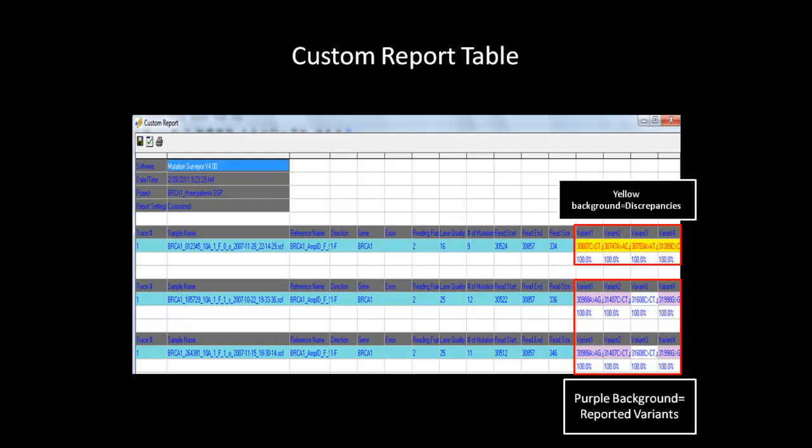If you lose the mutation table while reviewing the data, hold CTRL and press T to bring the table back up and review other discrepancies if needed. By default, purple background indicates reported variants, blue text in the report indicates high confidence, while red text indicates low confidence mutation calls. The color coding in the custom report is all customizable and can be changed in the settings.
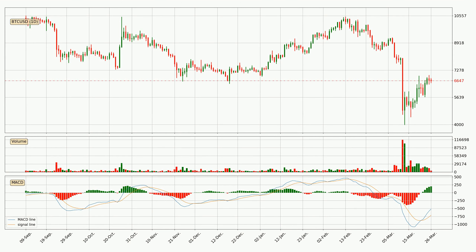Generally, the bigger time frames have a bigger impact on the price, so please keep that in mind when we show different time frames showing contrasting indicators. Also, the shorter time frames are only representative for the short-term trading.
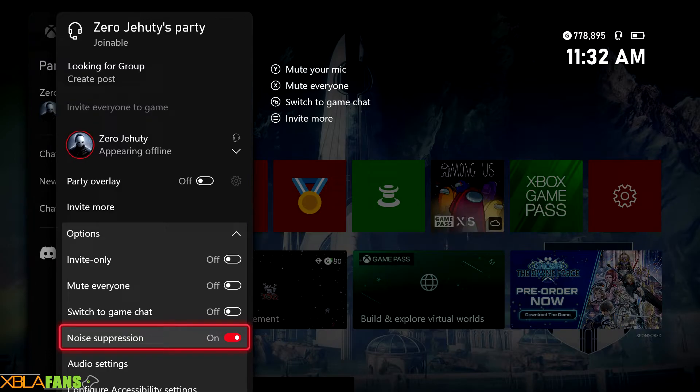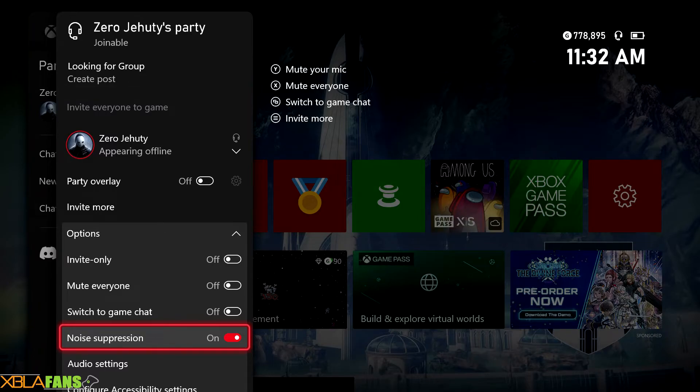You get the idea, but like I said before, once you get the update it should automatically be on, but if it's not or again if you want to turn it off, there you go.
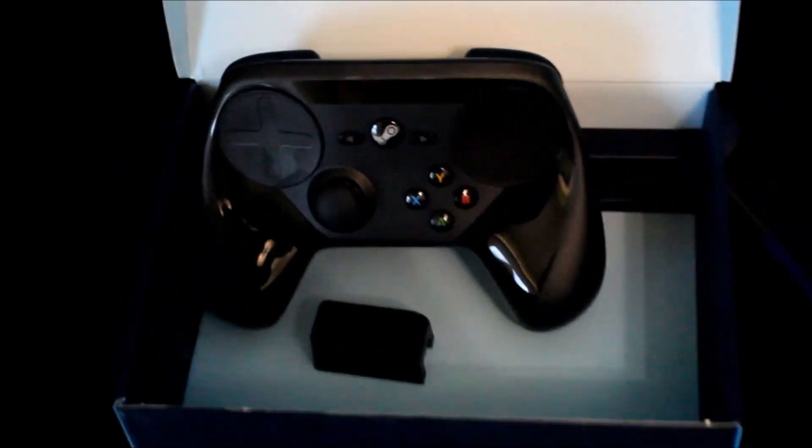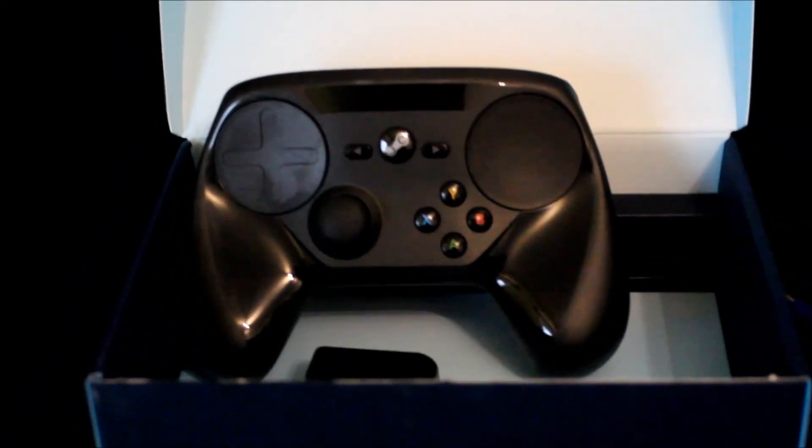Alright, thank you for watching guys. This is the Steam controller. I also bought the Steam Link and I also bought a TV, so yeah we'll let you know guys how that goes, maybe also unbox it. This was the Steam controller, thank you for watching. This is RizlaGaming and Rizla out, see you.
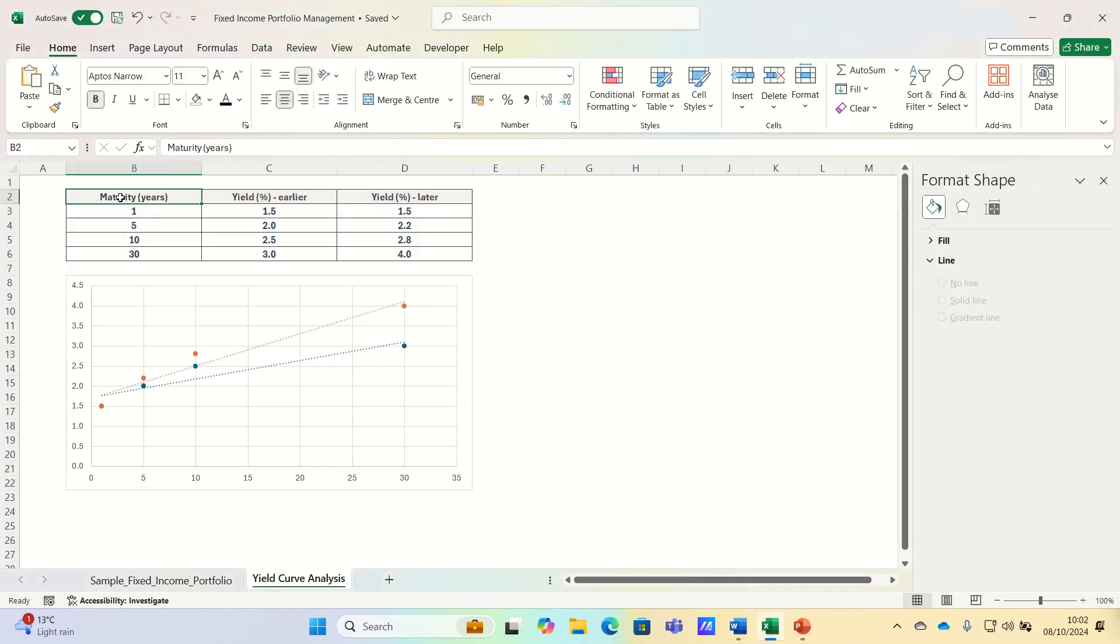We can now also consider different strategies based on different scenarios. So for example, when the yield curve steepens, which is what we can see in the graph,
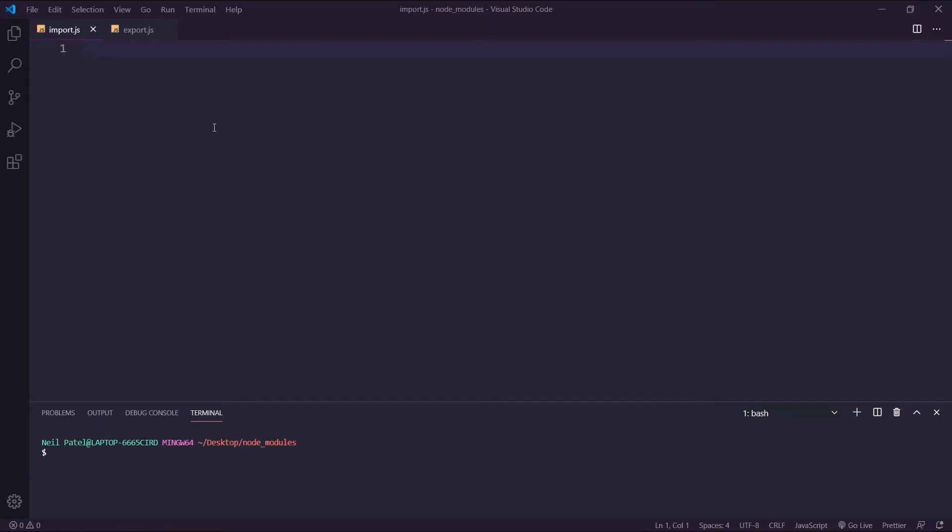Hey guys, I hope you're all doing well. My name is Neil, and today we're going to go over Node Modules. Here I have two files, Import.js and Export.js, and I'm going to show you how to export your modules and then import them.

========================

Exercise directions
Begin with the line holding "Alright, thank you" and end with the last line of the listing. Reproduce each of those lines exactly, and leave every picture out.

Result of this task
Alright, thank you for watching guys. This is the Steam controller. I also bought the Steam Link and I also bought a TV, so yeah we'll let you know guys how that goes, maybe also unbox it. This was the Steam controller, thank you for watching. This is RizlaGaming and Rizla out, see you.
We can now also consider different strategies based on different scenarios. So for example, when the yield curve steepens, which is what we can see in the graph,
Hey guys, I hope you're all doing well. My name is Neil, and today we're going to go over Node Modules. Here I have two files, Import.js and Export.js, and I'm going to show you how to export your modules and then import them.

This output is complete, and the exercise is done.